Rachel Taylor, government and health industries leader at PwC UK, said:
“With business leaders seeing reforms to planning and greater investment in infrastructure among their top priorities to support UK growth and for the foundation of a successful industrial strategy, the Chancellor’s announcements today mark a welcome step towards turbocharging the economy and bringing reassurance to the market.
“Further levers will be required to increase levels of capital allocation to stimulate investment in much-needed infrastructure, including the UK’s social infrastructure which is characterised by significant backlogs in maintenance and need for replacement.

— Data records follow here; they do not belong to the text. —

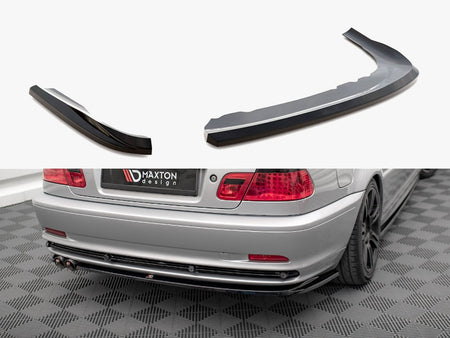 Maxton Design Rear Side Splitters BMW 3 Coupe E46 - BM-3-46-C-RSD1G - Image 1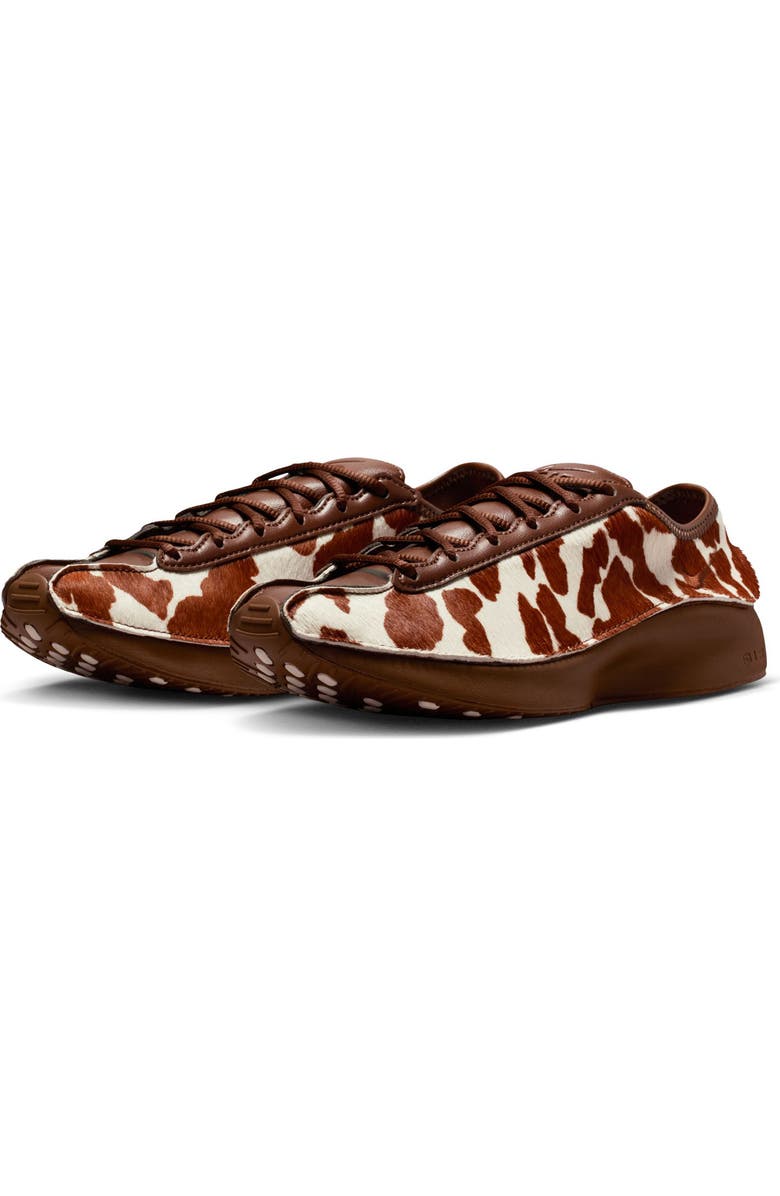 Nike Air Superfly Genuine Calf Hair Sneaker, Main, color, Cacao Wow/ Cacao Wow/ Phantom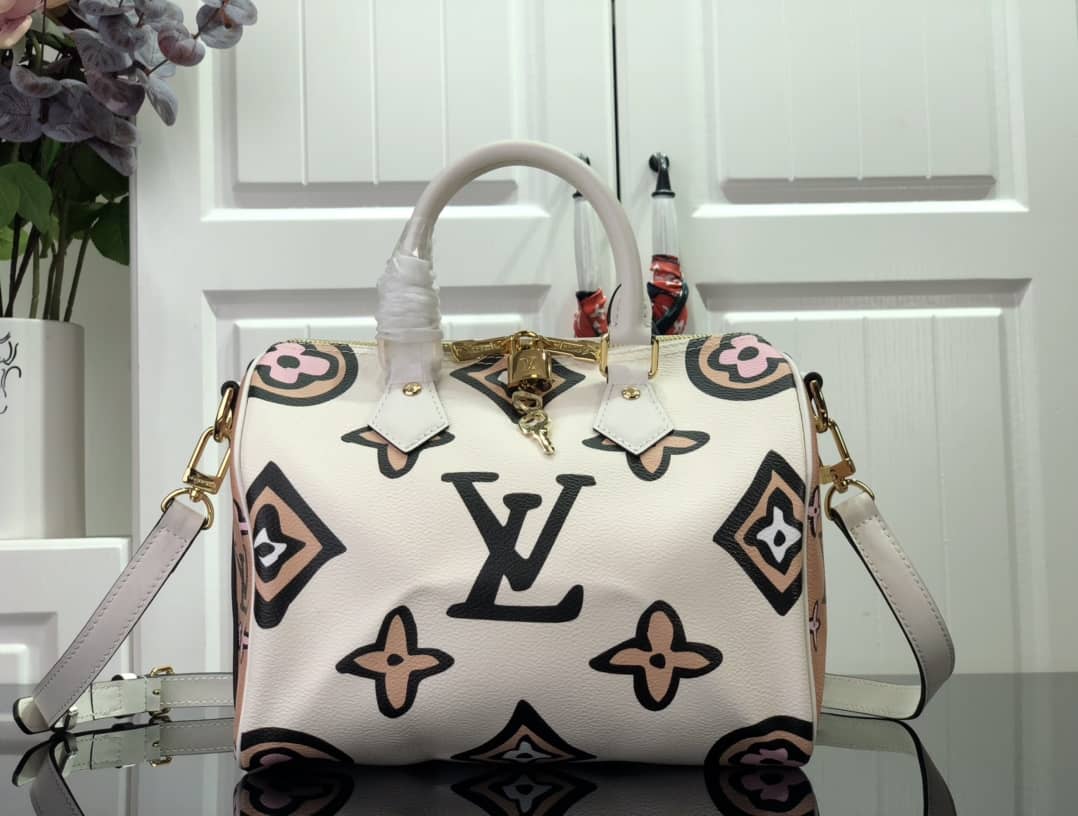 Best Replica Louis Vuitton Replica Bags Speedy Bandouliere 25M45828 - Colareps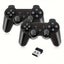 2 PCS 2.4Ghz Wireless Gamepad for Game Controller USB Joystick For PC Carousel 1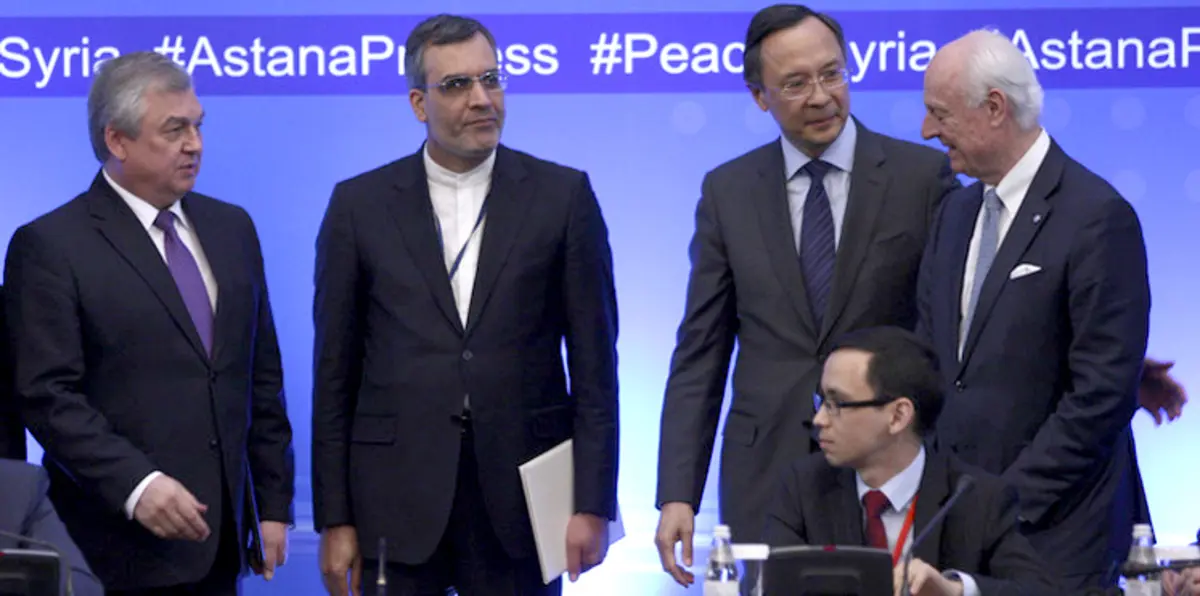 قلق أمريكي من وجود إيران ضمن اتفاق "المناطق الآمنة" بسوريا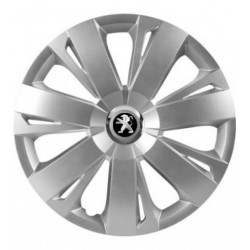 Puklice pre Peugeot (staršie logo) 16 ENERGY RC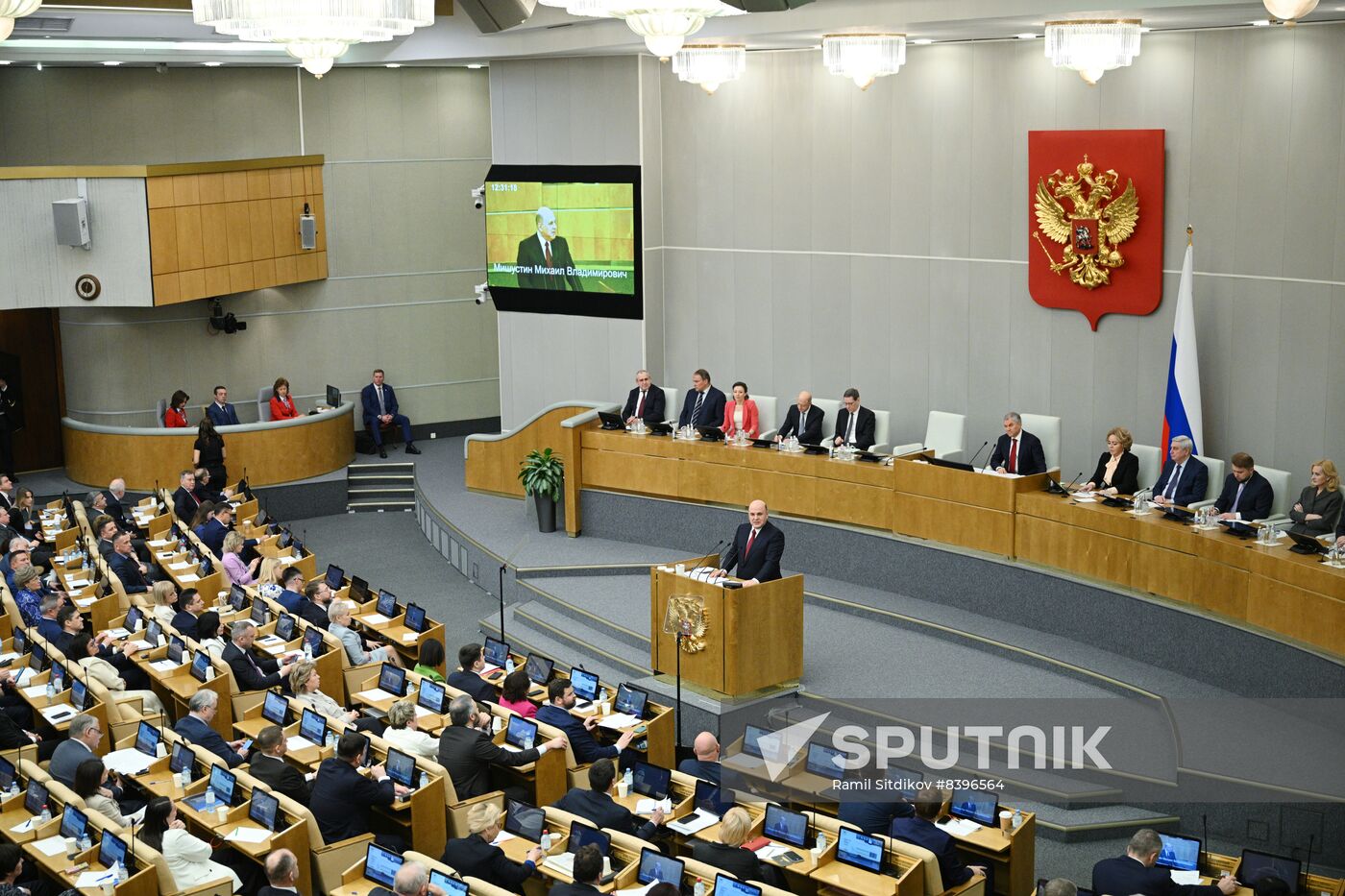 Russia Mishustin Government Report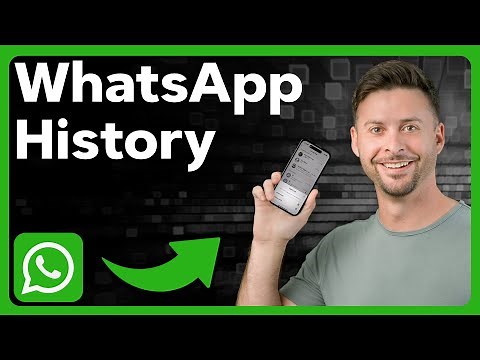 How To Check WhatsApp History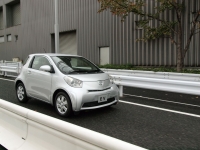 Toyota opublikowała specyfikację modelu iQ EV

“Without funding certainty and capital commitment the private sector delivery capabilities are not aligned to delivery of infrastructure at pace with critical constraints on some of the key construction professions and largest contractors who are focussed on opportunities elsewhere.
“Development of funding models that can unlock private sector capital, alongside government capital commitments, as well as private sector innovation and risk, could stimulate development of critical assets and drive economic growth. This includes demystifying the use of private finance initiatives and learning from successful examples of evolution of the PFI model, such as the Welsh MIM structure. The principles of risk transfer and use of private finance offer an attractive route to expanding spending power if lessons from the past can be learnt and new models are applied in the places where they offer greatest value.”
Matthew Alabaster - Deals Leader of Industry for Energy, Utilities, Resources and Infrastructure at PwC UK, said:
““The Government’s approach is welcomed to tackle the UK’s growth challenge from all sides, including catalysing the supply of capital, showcasing the projects and sectors that need it, and seeking to reclaim the UK’s reputation as an attractive investment destination.
"There is no silver bullet that will address the scale of the UK’s investment gap, which has become ingrained in the UK economy over the last decade. We estimate a shortfall of £130bn of investment per annum just to get the UK back to the G7 average - adding up to over £1trn of missing investment over the last decade.
“The priority sectors in particular are a critical component of demonstrating to global investors that the UK is not just a low-risk investment jurisdiction (though that is of fundamental importance) but also a place for innovation, growth and exports.
“Many more such initiatives covering all angles will be needed over a sustained period to re-establish the UK as the natural destination for the world’s largest and most strategic investors.”
Gareth Henty, Head of Pensions, PwC UK, said:
“The Chancellor is leaving no stone unturned in her pursuit of economic growth, and it is no surprise that Rachel Reeves is looking to unlock our estimated £330bn of surplus currently trapped in defined benefit (DB) pension schemes.
“Allowing DB schemes with surplus assets to deploy funds beyond their immediate obligations could certainly provide a level of the required investment for infrastructure, innovation, and broader economic growth.
“But, if the Government’s proposals are going to work, as well as tackling the fundamental issue of whether pension schemes’ trustees have the power to pay surplus assets to employers, they will need to tackle the more fundamental issues of why trustees should pursue these strategies.
“In particular, the proposals will need to think about how to address pension scheme trustees’ concerns that a strong funding position today could become a weak funding position tomorrow. The big question is whether, in pursuit of economic growth, the Government or PPF can underpin or provide any support for taking that risk.”